La salle bondée, un temps agitée, se trouve d'un coup plongée dans le silence attentif. Présent sur scène, l’Orchestre Symphonique de la Monnaie en grande formation s’offre comme un décor magistral pour petits et grands. Des cloches au glockenspiel traditionnel en passant par les hautbois, clarinettes et flûte orientale, chaque musicien semble expliquer et faire raisonner son instrument avec pédagogie. La musique se montre, et elle s’explique grâce à la présence scénique du narrateur Filip Jordens, qui, entre néerlandais et français, résume avec des touches humoristiques les tenants et aboutissants de La Flûte enchantée. Papageno rêve de sa Papagena, Tamino tue le serpent (représenté par une énorme marionnette en tissu), la Reine de la Nuit agite sa baguette avec fougue, et les enfants rient, applaudissent.

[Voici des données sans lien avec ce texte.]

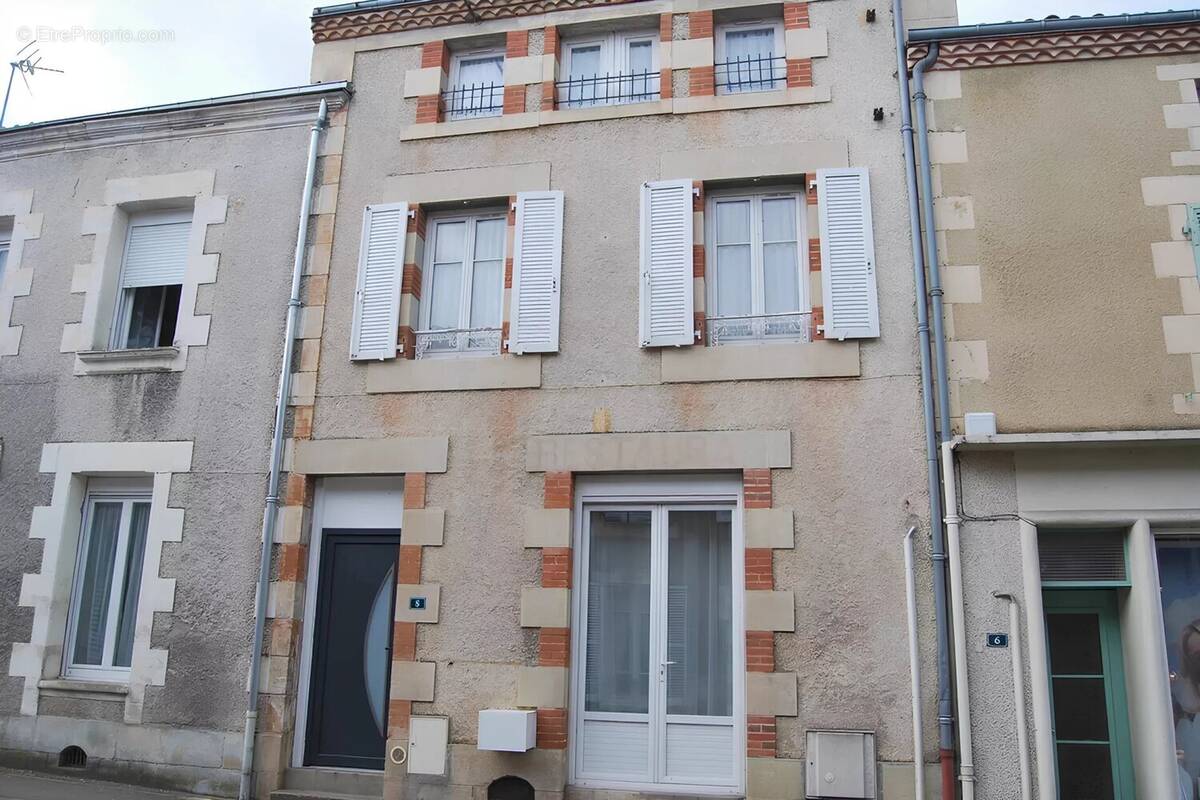 Maison à LATHUS-SAINT-REMY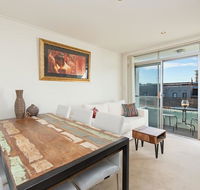 Scenic Bondi Living - Yamba Accommodation
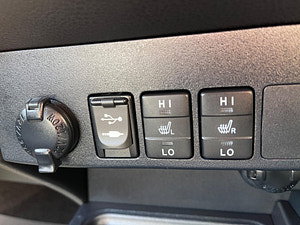 Toyota RAV4 thumbnail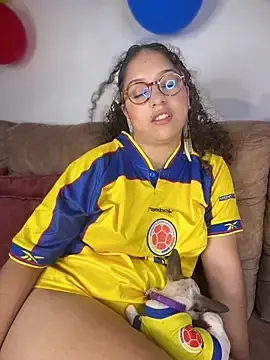 Stripchat Live Sex Cam of Shara_dreams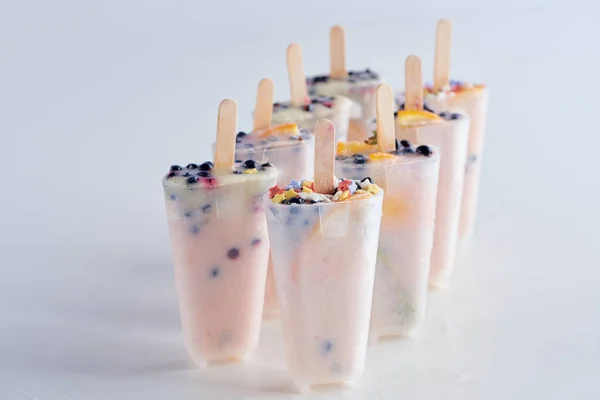 Helado casero congelado fresco con frutas y bayas orgánicas en gris - foto de stock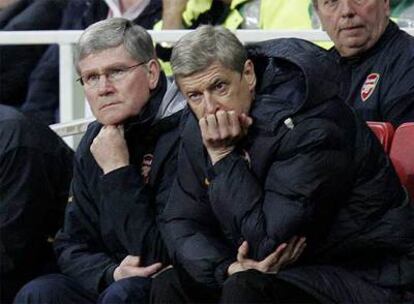 Arsène Wenger, junto a su ayudante Pat Rice, durante el partido de anoche.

Au service de cette interprétation, les quatre solistes lyriques de la maison s’offrent avec spontanéité. Emma Posman, habituée du rôle de la Reine de la Nuit, déploie une apparente facilité de chant. Celle qui avait accepté en 2018 au pied levé (trois heures avant la première) d’interpréter ce rôle périlleux au prestigieux Festival de Salzbourg, pour une retransmission en direct, poursuit sur son audacieuse lancée et sa grande adaptabilité à la MM Academy de La Monnaie. Reconnaissable par une voix souple et très ornementée, l’élégance vocale de la chanteuse affirme un statut altier à la mesure de son rôle. Claire, directe, précise et véloce, la voix de la soprano touche les aigus sans difficulté et dessine une reine de la nuit vibrante de colère, féminine et aérienne.

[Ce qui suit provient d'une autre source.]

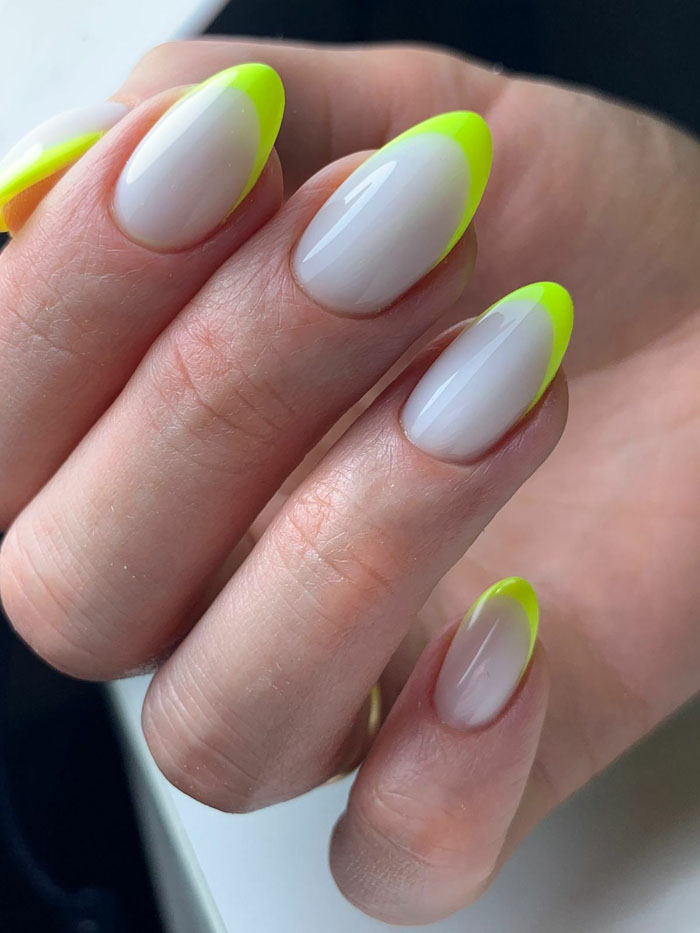 Кольоровий френч 2023: +220 фото манікюру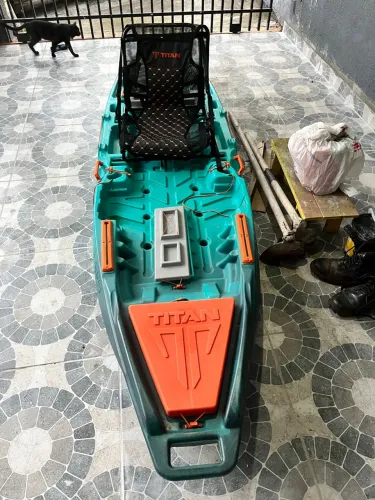 Caiaque Titan para Pesca Esportiva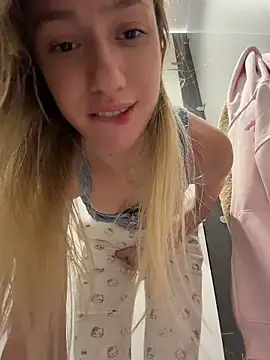 Lia__Love's cam snapshot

La jeune soprano Margaux de Valensart trouve elle aussi en Pamina un rôle à la mesure de son élégance vocale, ronde, ample, riche et capable de lignes très claires. Pamina est ainsi complexe, autoritaire et fière, ses aigus sonnent perçants, légers et limpides (pour celle qui reviendra en coryphée et Bohémienne dans Les Huguenots de Meyerbeer prévu en juin prochain). Le baryton Kamil Ben Hsaïn Lachiri montre également une apparente facilité de jeu et une précision de voix, s’adaptant avec malice au regard et aux oreilles des enfants, offrant un caractère touchant d’une simple efficacité de jeu, avec une richesse de voix perspicace.

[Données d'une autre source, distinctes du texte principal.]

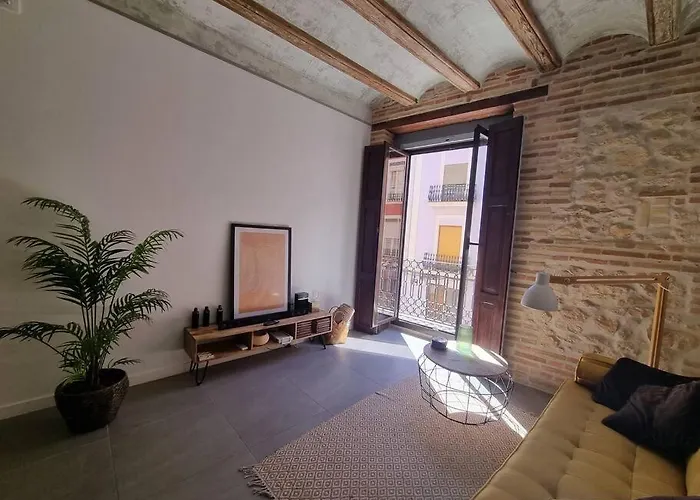 Centrica Y Encantadora Vivienda. דירה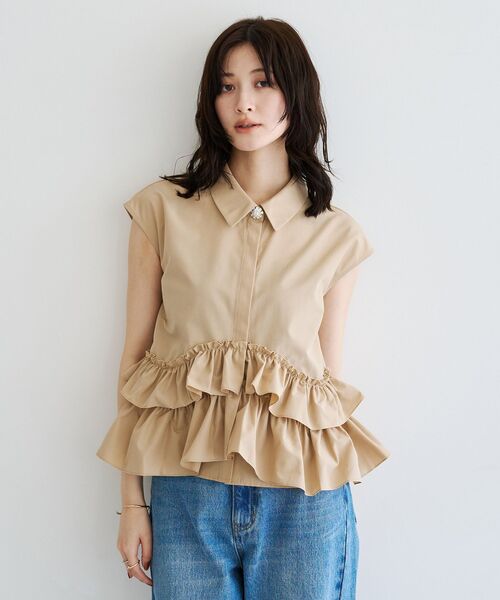 YECCA VECCA(イェッカヴェッカ)の「ビジュー釦ラッフルブラウス(シャツ/ブラウス・レディース・ブラック/テラコッタ/ベージュ・FREE)」の3枚目の写真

Enfin, Maxime Melnik, que le public bruxellois vient tout juste d'applaudir en jeune chanteur rocker du Triptyque de Puccini (et qui reviendra la saison prochaine) offre une voix précise et claire au fourbe et vil Monostatos. Les arias sonnent placées, pincées, serrées car nourries de tendance démoniaque (qui ravissent les jeunes enfants). Puissante, véloce et précise, la diction du chanteur s’accorde avec une gestuelle très théâtrale.
Les enfants applaudissent et s'annoncent en ce faisant comme une nouvelle génération de mélomanes émerveillés par le partage de ce moment privilégié, servi par un casting dévoué.